But while Prez has been working with sci-fi to make its points --- and to skewer its targets in a surprisingly brutal fashion along the way --- Citizen Jack is playing with another genre. It's a story built around horror, right from the start and the demon that pressures Jack Northworthy into running for President.



That's the hook here, that Jack Northworthy, hockey enforcer turned wildly unpopular mayor turned failed businessman, is going to be running for the highest office in the land thanks to the urging of a demon named Marlinspike and the timely arrival of a campaign manager willing to do anything to get him there.

And for a first issue, Humphries and Patterson are pulling no punches, giving us a character so miserable that the fact that he needs demonic intervention --- and that he'd be willing to go for it without even questioning the terms of the deal --- is probably the most believable thing about the entire book, and the source of its most horrific imagery.

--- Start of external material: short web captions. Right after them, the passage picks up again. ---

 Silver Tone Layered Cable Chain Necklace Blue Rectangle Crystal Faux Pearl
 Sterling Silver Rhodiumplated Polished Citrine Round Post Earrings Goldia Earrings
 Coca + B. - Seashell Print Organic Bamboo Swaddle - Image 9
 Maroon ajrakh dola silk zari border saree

There are different kinds of horror in here, too. There's Jack himself, who's presented to us as a person who's both horrible and pathetic, a genuinely terrible person who is clearly past his prime and --- in one of the most hilariously literal pieces of comics all year --- is so bad at what he does that he can't sell snowblowers in a Minnesota winter. He's living in a hell of his own making, an athlete who lost a career after an injury, in the shadow of his father who clearly hates him. That's a kind of horror, too, the existential dread that's hanging over Jack even before we join the story.

And then there's the surreal stuff going on in the background. It's the stuff that nobody seems to comment on, like having a dolphin in a suit working on television as a political commentator, or the fact that the two major political parties in Citizen Jack's world are the Freedom Party and the Liberty Party --- actual synonyms that don't even feel like they're giving the illusion of choice to the voters.

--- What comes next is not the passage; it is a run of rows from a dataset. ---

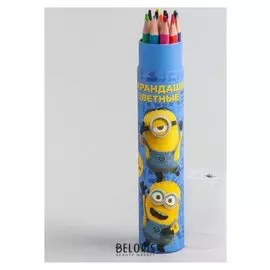 Карандаши цветные в тубусе с точилкой, 12 цветов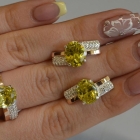 Набор серебряный с золотыми пластинами и фианитами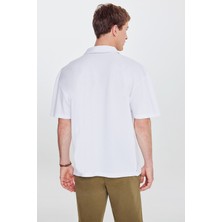 Altınyıldız Classics Pamuklu Comfort Fit Rahat Kesim Hawai Yaka Armürlü Örme Gömlek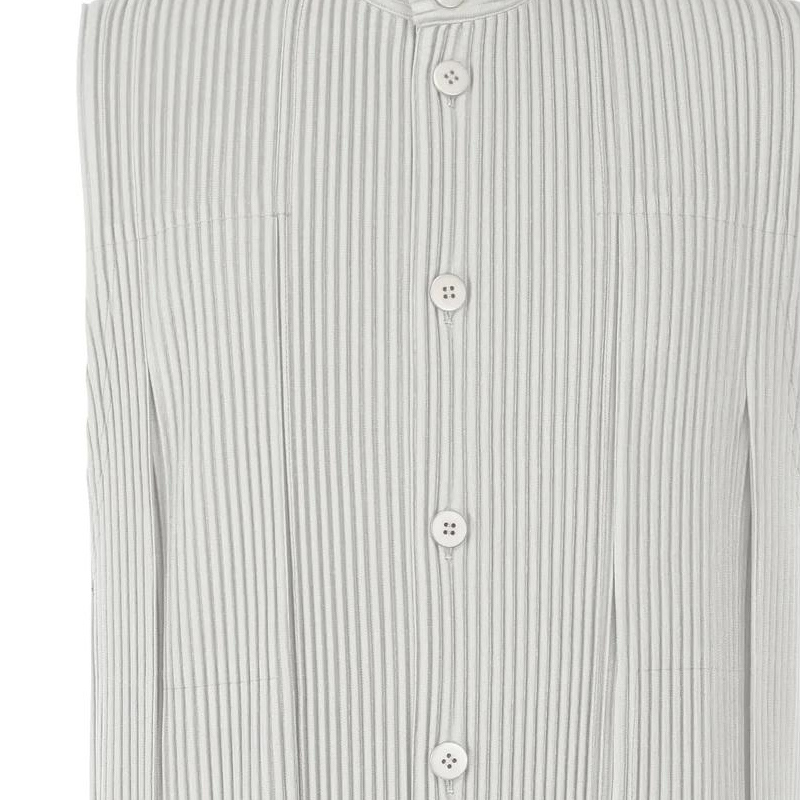 Lookbook 옴므 플리세 이세이 미야케 SS24 라이트 그레이 민소매 셔츠 남성. HP48JE362-11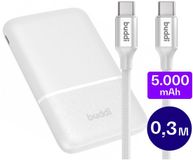 Buddi Go Compacte Powerbank 5.000 mAh met Buddi Flex USB-C naar USB-C Kabel 60W 30cm | Compact Reisformaat | 60W Power Delivery | Snelladen Smartphone en Tablet | Ideaal voor Onderweg | Wit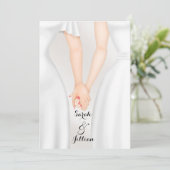 Elegant Gay Wedding Bride Holding Hands Einladung (Stehend Vorderseite)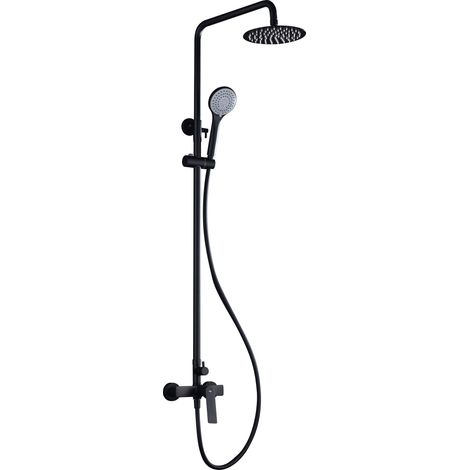 Columna para ducha fabricada en latón con un diseño moderno de acabado negro mate Luxor de Imex (1/4)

But I mean, really, it's mainly the giant demon who speaks in jagged black word balloons.



Between that and the strange landscape of skulls, claws and tentacles that exists just under the surface of the water, something that we only ever see Jack passing through and that no one else seems to notice, you've pretty much got the major sources of horror here.

The thing is, all of that stuff, Jack's horrible past, the weirdness creeping around the fringes of the book, even the demon, is also genuinely hilarious. The comedy in this book goes all over the map in the best possible way, throwing in the sharp political satire with the lowest of the low-brow, like the scene where Jack announces his candidacy by climbing naked out of a frozen lake in the middle of winter and offering up his truly amazing campaign slogan, "It's time for America to get Jacked!" It's the kind of comedy that's exactly smart enough to know how to be stupid in the best possible ways.

For Humphries, it feels like it's a natural evolution of the kind of bold, bizarre comedy that made him an instant hit when he burst onto the comics scene a few years ago with Our Love Is Real, but what really makes it all work is the art, from Patterson and colorist John Alderink. They're able to juggle the hot pink bathrobes, handguns, hockey rink flashbacks and hell-spawned monsters in a way that gives everything its own kind of weight.



More than anything else, it reminded me of Nick Pitarra's work in the early issues of The Manhattan Projects. It's that same combination of the familiar and the strange, walking that tightrope balance between cartoony and realistic that's so perfect for the strange political satire horror comedy that they're building.

That blending of genres might sound like a hard sell, but in this first issue, Citizen Jack sets up the promise of a pretty amazing story and gives every indication that it'll be delivering on that promise as the story goes on. It's weird, it's scary, it's hilarious, and it's even occasionally biting, but most of all, it's compelling, and well worth a read.